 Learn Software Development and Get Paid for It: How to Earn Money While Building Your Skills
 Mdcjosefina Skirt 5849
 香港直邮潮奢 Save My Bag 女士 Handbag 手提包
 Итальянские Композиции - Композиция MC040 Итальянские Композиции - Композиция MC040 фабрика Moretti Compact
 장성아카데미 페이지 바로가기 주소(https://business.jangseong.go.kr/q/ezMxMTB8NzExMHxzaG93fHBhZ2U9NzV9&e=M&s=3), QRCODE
==
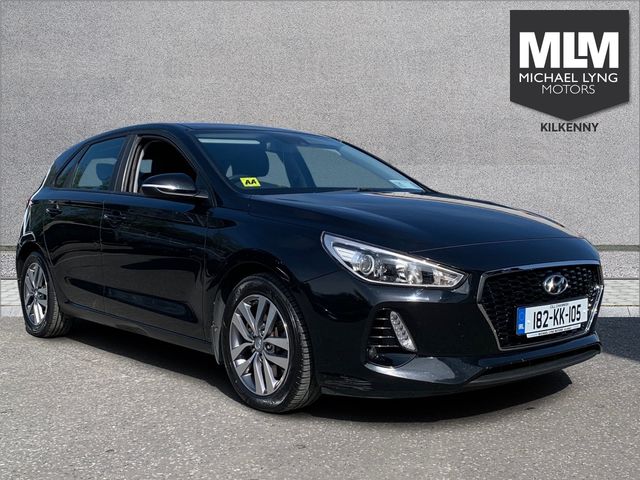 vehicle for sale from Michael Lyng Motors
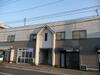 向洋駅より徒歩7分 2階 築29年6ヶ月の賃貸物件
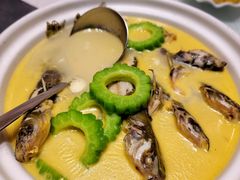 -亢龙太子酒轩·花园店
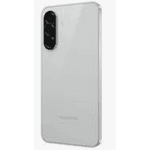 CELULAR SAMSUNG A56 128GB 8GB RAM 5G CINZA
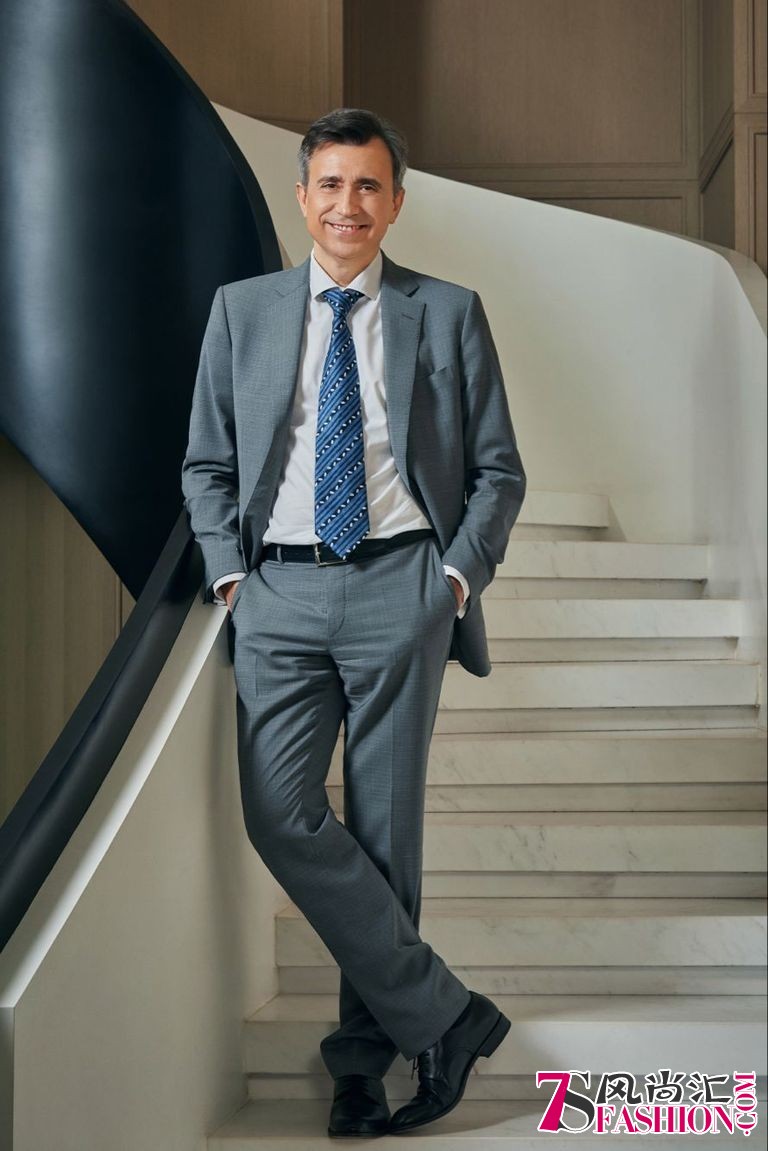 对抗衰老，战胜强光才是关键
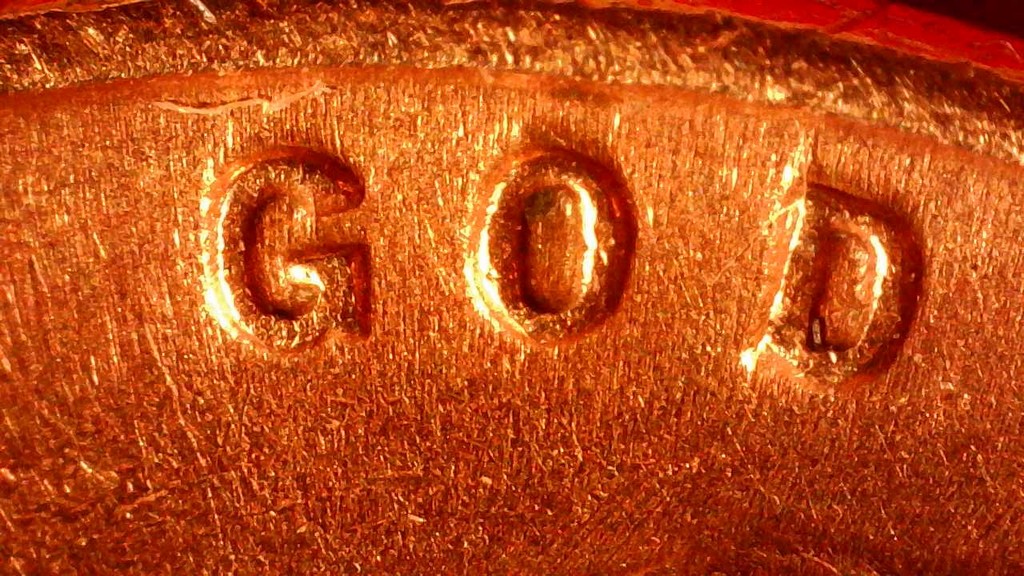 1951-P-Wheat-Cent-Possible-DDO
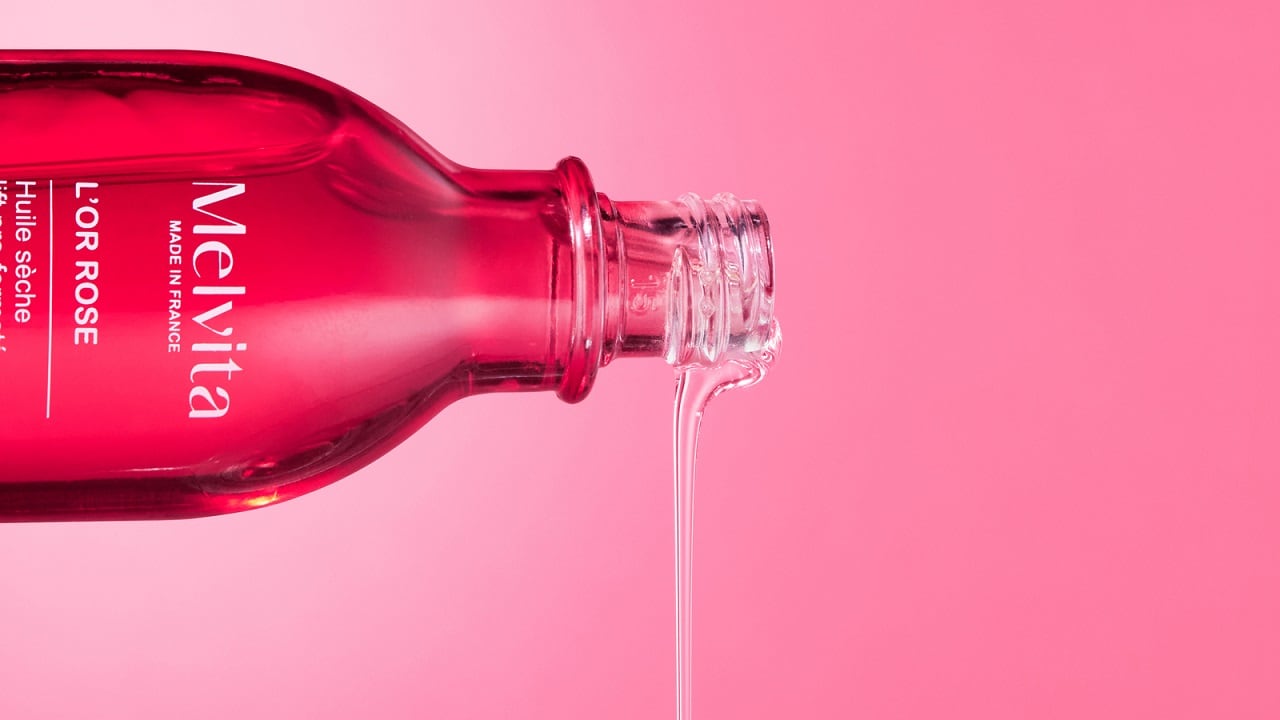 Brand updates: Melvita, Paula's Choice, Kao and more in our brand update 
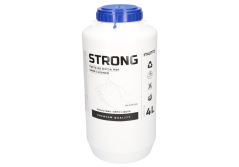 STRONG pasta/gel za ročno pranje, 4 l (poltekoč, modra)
---
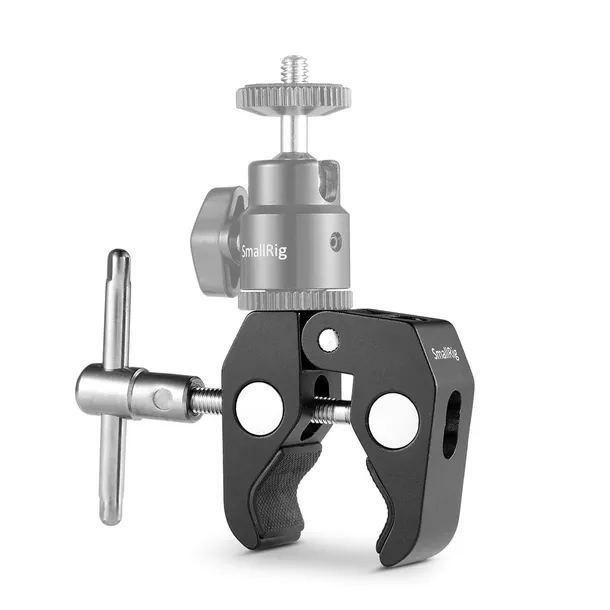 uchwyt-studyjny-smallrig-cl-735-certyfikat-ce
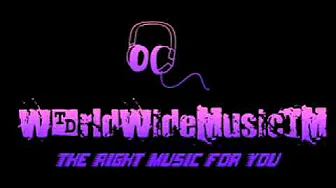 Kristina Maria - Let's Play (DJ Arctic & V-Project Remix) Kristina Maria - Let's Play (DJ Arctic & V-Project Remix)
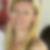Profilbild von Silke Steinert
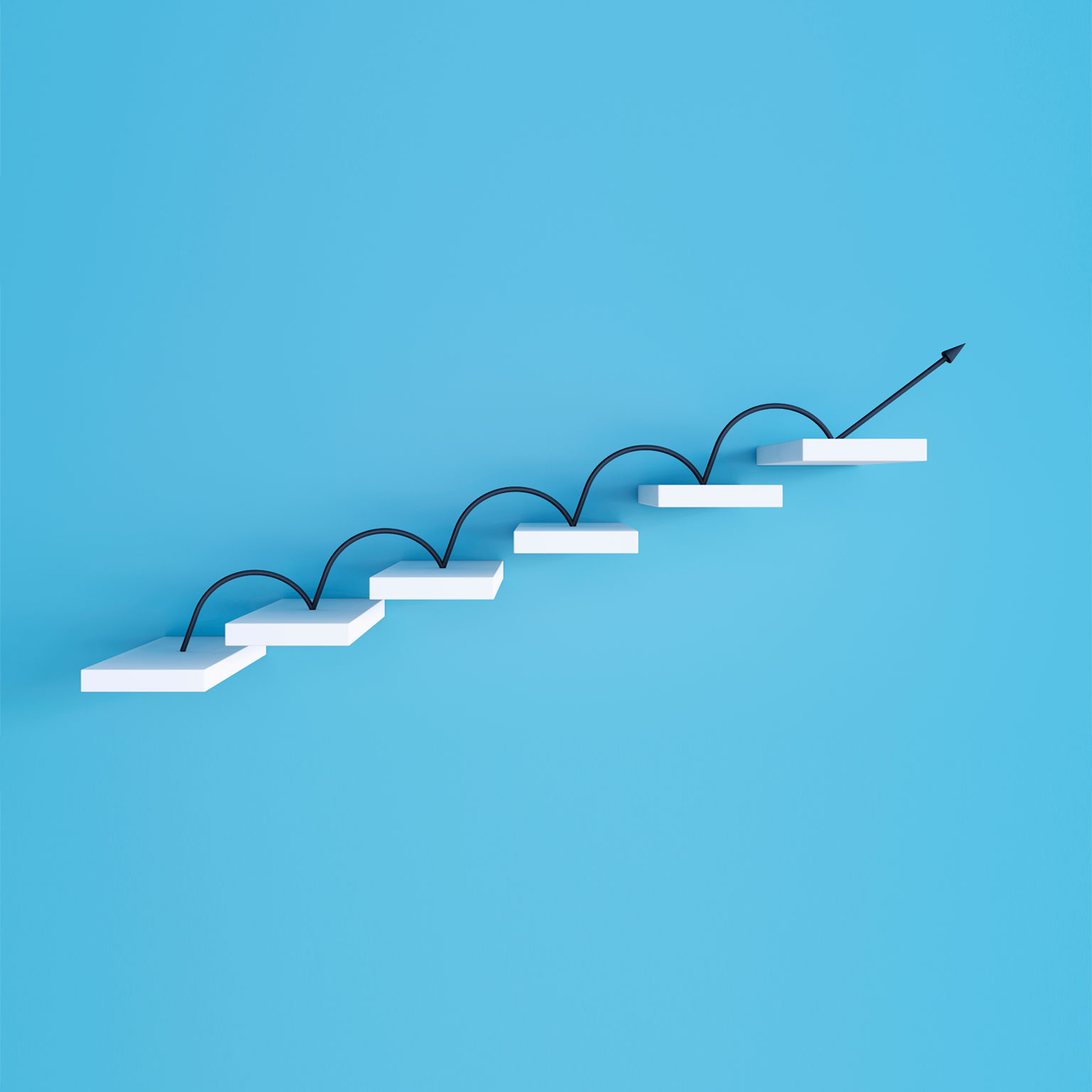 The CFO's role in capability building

**What you should do**
From the line containing "Learn Software Development" down to the line containing "장성아카데미 페이지 바로가기" in the material above, reproduce every line exactly, including the two end lines.

**Exercise result**
 Learn Software Development and Get Paid for It: How to Earn Money While Building Your Skills
 Mdcjosefina Skirt 5849
 香港直邮潮奢 Save My Bag 女士 Handbag 手提包
 Итальянские Композиции - Композиция MC040 Итальянские Композиции - Композиция MC040 фабрика Moretti Compact
 장성아카데미 페이지 바로가기 주소(https://business.jangseong.go.kr/q/ezMxMTB8NzExMHxzaG93fHBhZ2U9NzV9&e=M&s=3), QRCODE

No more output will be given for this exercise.